Emaar races to finish Delhi Games project
MUMBAI // Emaar MGF is working around the clock to ensure that its US$300 million (Dh1.1 billion) Commonwealth Games Village project in Delhi is finished on time. More than 7,000 labourers are crammed around the 34 towers on the 11-hectare site, living in a makeshift village on its fringes and toiling day and night to complete the project by the deadline of March next year.
"Logistics-wise, this is one of the most challenging projects which may exist in this country," said Sanjay Malhotra, the chief operating officer of Emaar MGF, the Dubai property giant's Indian joint venture. "There's very little free space for labour camps and the storage yards." Just a few months ago, however, the site was almost deserted. Sales of the site's 1,168 apartments had dried up as India's property market crashed and Emaar MGF, already facing a cash crunch after being forced to drop plans to raise money on Mumbai's stock exchanges at the start of last year, found itself unable to pay its lead contractor, Ahluwalia Contracts.
When arrears of more than $20m built up, Ahluwalia stopped paying its workers, many of whom then left. At the lowest ebb in March and April, there were just 1,500 workers on the site, and, with Ahluwalia also unable to buy cement and steel, work came to a standstill. For Emaar MGF, however, missing its deadline was never an option. Failing to deliver would be a public relations disaster. The project will house the 8,000 athletes coming to the Commonwealth Games in Delhi in October next year. The Melbourne Commonwealth Games in 2006 were watched by 1.8 billion people.

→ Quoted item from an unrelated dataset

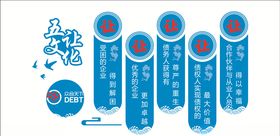 众合天下五让文化墙
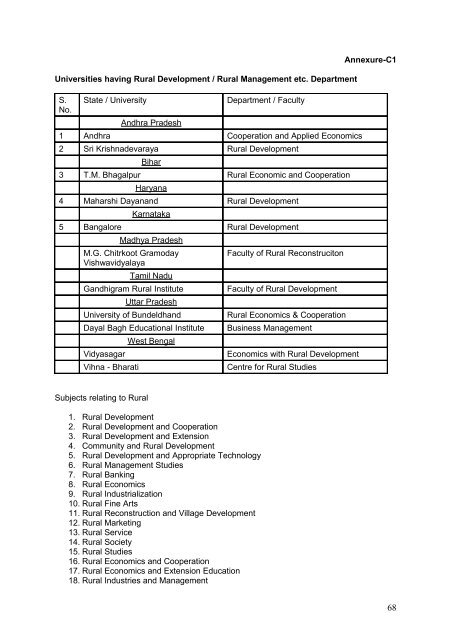 UGC Report on Inter University Center on Rural - Ministry of Rural ...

The Delhi Development Authority came to the company's aid in May, buying 333 additional flats for 7bn rupees (Dh524m), a discount of more than 12 per cent. Mr Malhotra is now busily increasing the number of workers on the site, keeping them working at night, and using multiple sub-contactors simultaneously. "If I may use an analogy from a game of cricket, the 'asking rate' has kept going up. A lot of work which could have been finished earlier got postponed to a later date, so we now have to concentrate and finish that work in the limited time that's available," he said.
The number of workers on site has already returned to its pre-crunch level of 7,000, but Mr Malhotra aims to ramp this up to 9,000 over the next few months. "We were in a very peculiar situation," Mr Malhotra said. Builders of most other residential developments could delay construction until the market recovered and buyers returned. But with the project tied in to the Commonwealth Games, "irrespective of sales to customers, we still had to build it".

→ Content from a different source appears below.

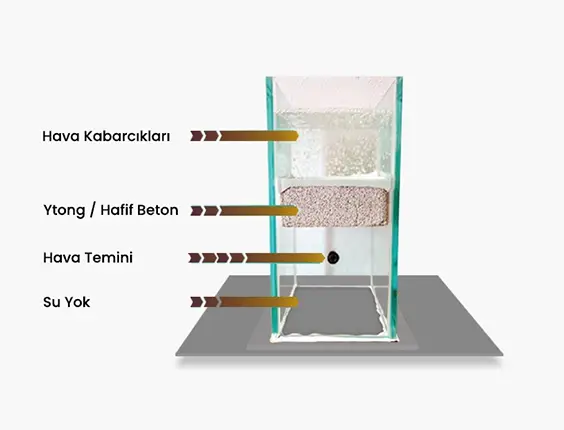 Pico Teknolojisine Dayalı Biyobazlı Ürünler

"The project was always, right from the beginning, on a very tight timeline," Mr Malhotra added. "That is, I guess, why most of the other bidders did not go forward for it." When Emaar MGF launched the first set of flats in June last year, it sold 80 per cent of the apartments it had on offer. But by January, interest had dried up. "Sales had dipped to almost negligible levels," he says. Today, the company's three smart show apartments are once again packed. "Weekends are really, really hectic here," said an executive at the site.
Emaar MGF has seen similar revivals across its business. "We've sold 2,000 apartments in the last two months," Mr Malhotra said. At the end of last month, the company launched the $82m Windermere Estates project in the north-eastern city of Shillong, its first new residential project since June last year. Emaar MGF is once again appointing banks to renew plans to list on the stock exchanges in Mumbai.

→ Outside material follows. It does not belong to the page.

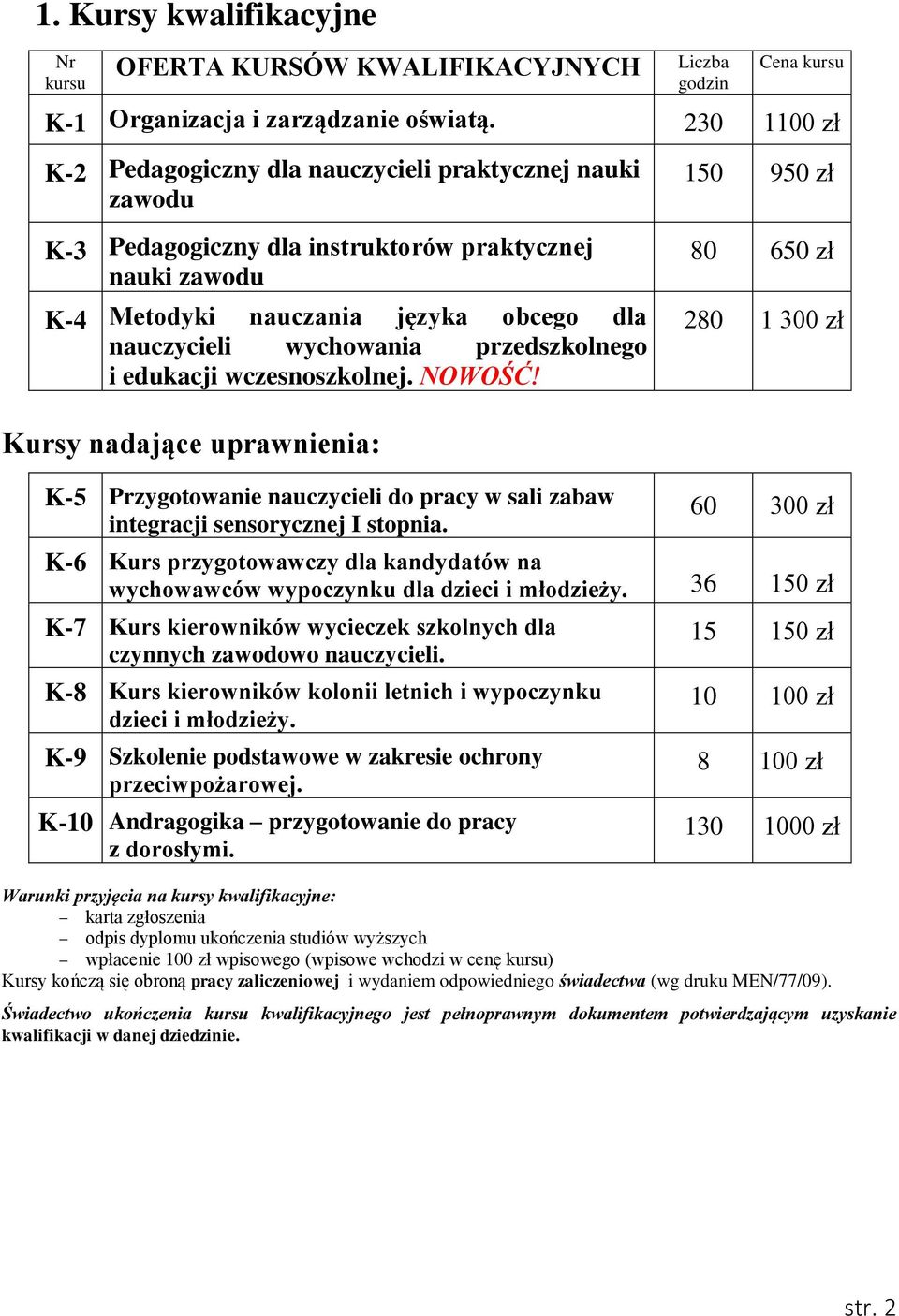 przedszkolnego i edukacji wczesnoszkolnej. NOWOŚĆ! 150 950 zł 80 650 zł 280 1 300 zł Kursy nadające uprawnienia: K-5 Przygotowanie nauczycieli do pracy w sali zabaw integracji sensorycznej I stopnia.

It now has just 140 apartments of its original 790 in the Commonwealth Village left to sell. Even without offering discounts on the launch prices, which ranged from $370,000 to $1m for an apartment, it expects few problems. The development could sell on location alone. It is just across the Yamuna River from Delhi's central business district, with fields and open countryside to one side, the elaborately carved new Akshardham temple on the other, and its own station on the Delhi Metro.
Emaar MGF should now avoid the harsh financial penalties written into the contract for missing the deadline, but it will not likely be able to claim the financial incentives offered for early delivery. Moreover, as the remaining flats start to sell more quickly, Emaar MGF may begin to regret the 12 per cent discount it gave the development authority, which will end up costing it about $20m. For Mr Malhotra, failing to deliver is still not impossible. "We will of course try our best to meet the deadline, which is very, very tight, very aggressive. So far we are on track. Right now, I cannot predict."